> **Dataset extract**:
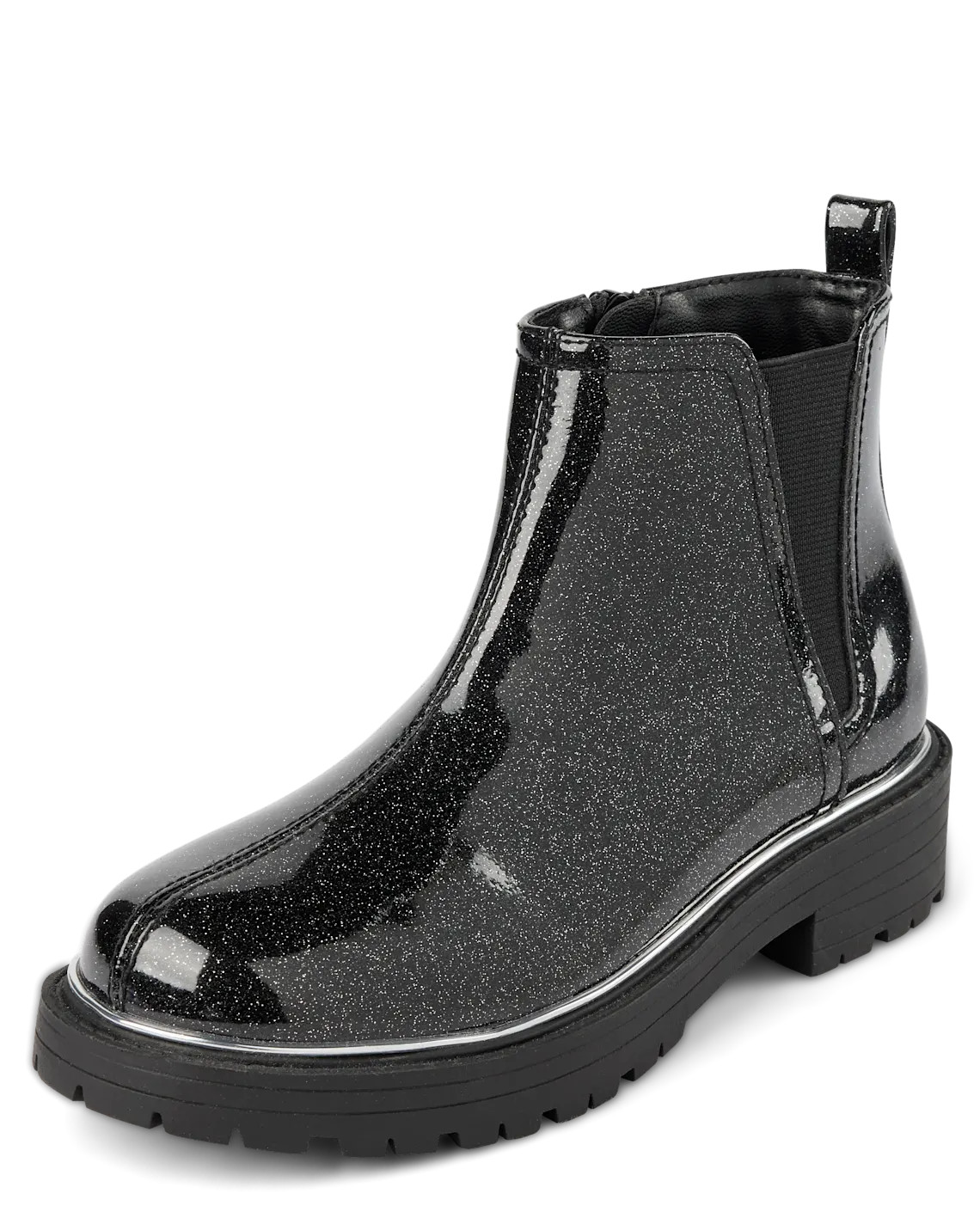 Girls Glitter Chelsea Boots - black | The Children's Place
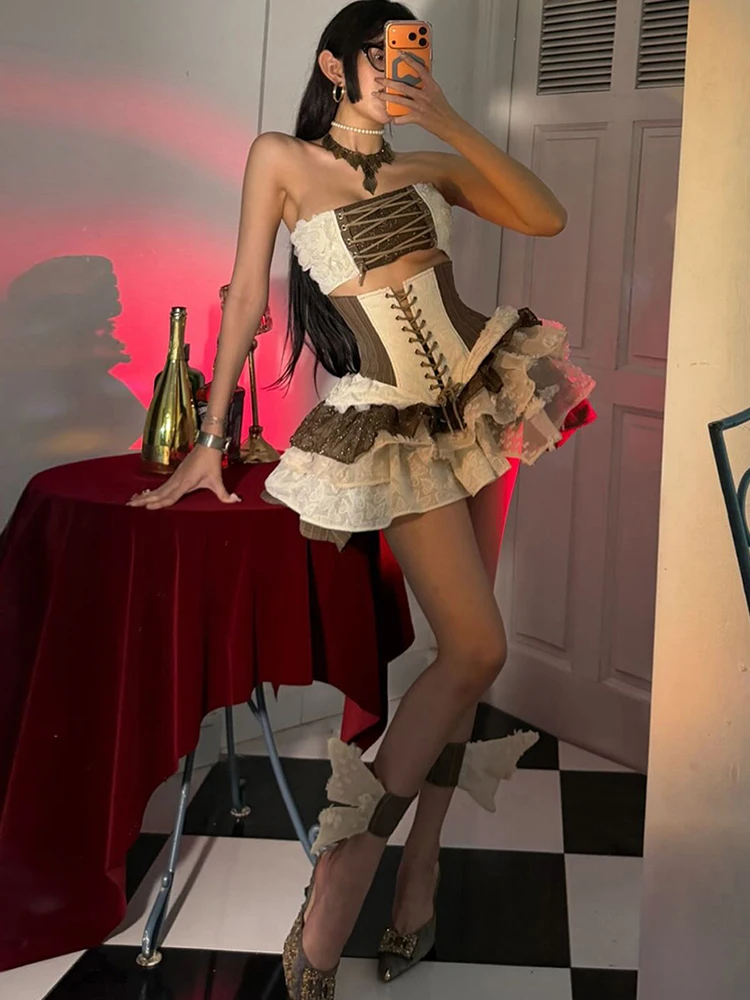 Nibber الجوف Ruched تانك القمم المرأة المشارب Shiring هوتي الاتجاه البريدي المرقعة أكمام نحيل منتصف الليل نادي الحفلات سترات #5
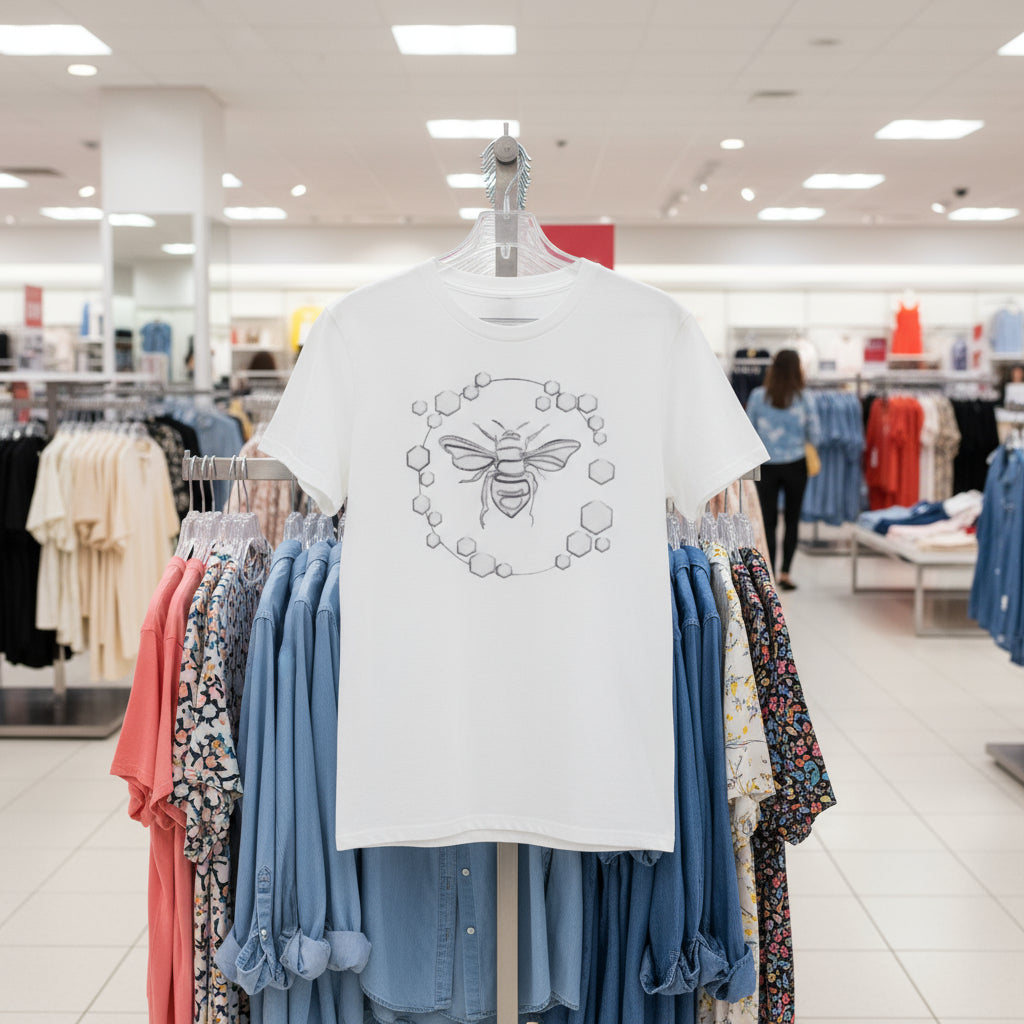 White t-shirt with a bee and hexagon pattern on a white background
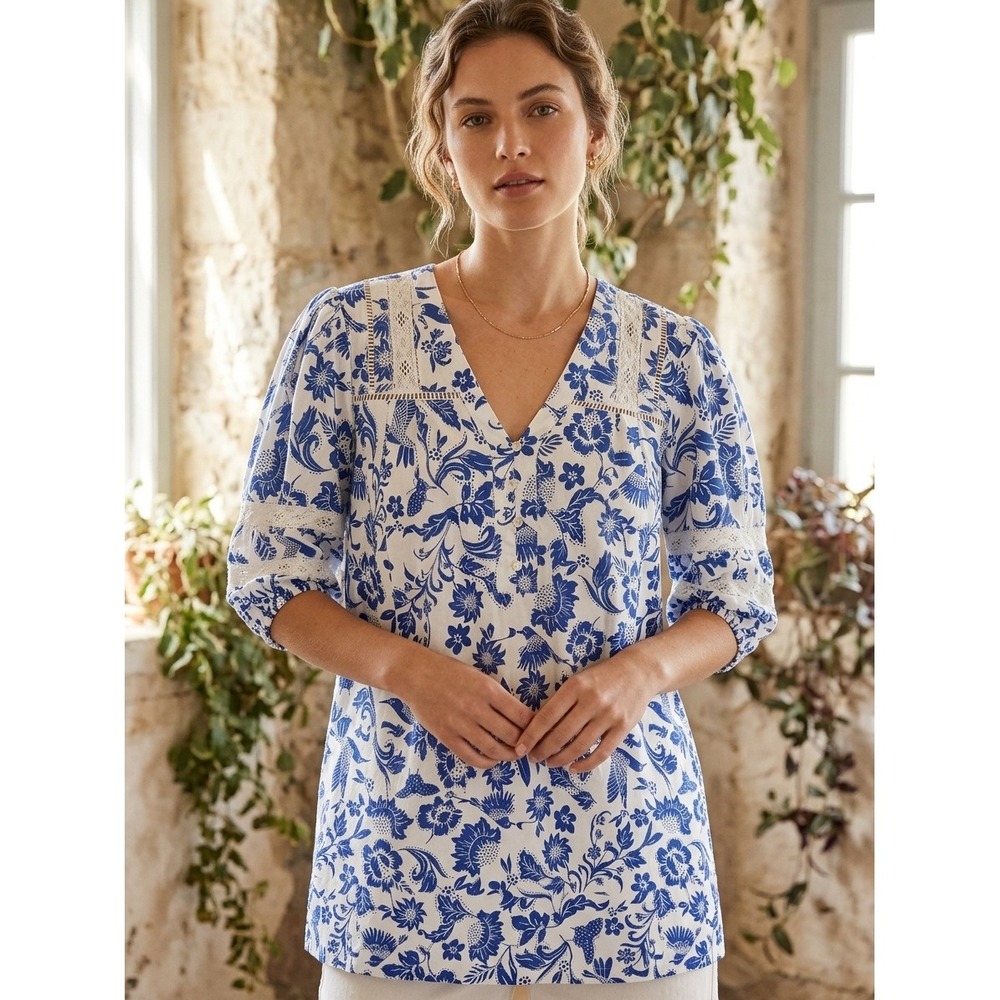 Pinch Tunic Top Women Size S Floral Bird Print Blue White Cotton Lace Boho 4520D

> **Task statement**: Every line of the material must be returned verbatim, and pictures must be left behind.

> **Reply to the task**:
 Girls Glitter Chelsea Boots - black | The Children's Place
 Nibber الجوف Ruched تانك القمم المرأة المشارب Shiring هوتي الاتجاه البريدي المرقعة أكمام نحيل منتصف الليل نادي الحفلات سترات #5
 White t-shirt with a bee and hexagon pattern on a white background
 Pinch Tunic Top Women Size S Floral Bird Print Blue White Cotton Lace Boho 4520D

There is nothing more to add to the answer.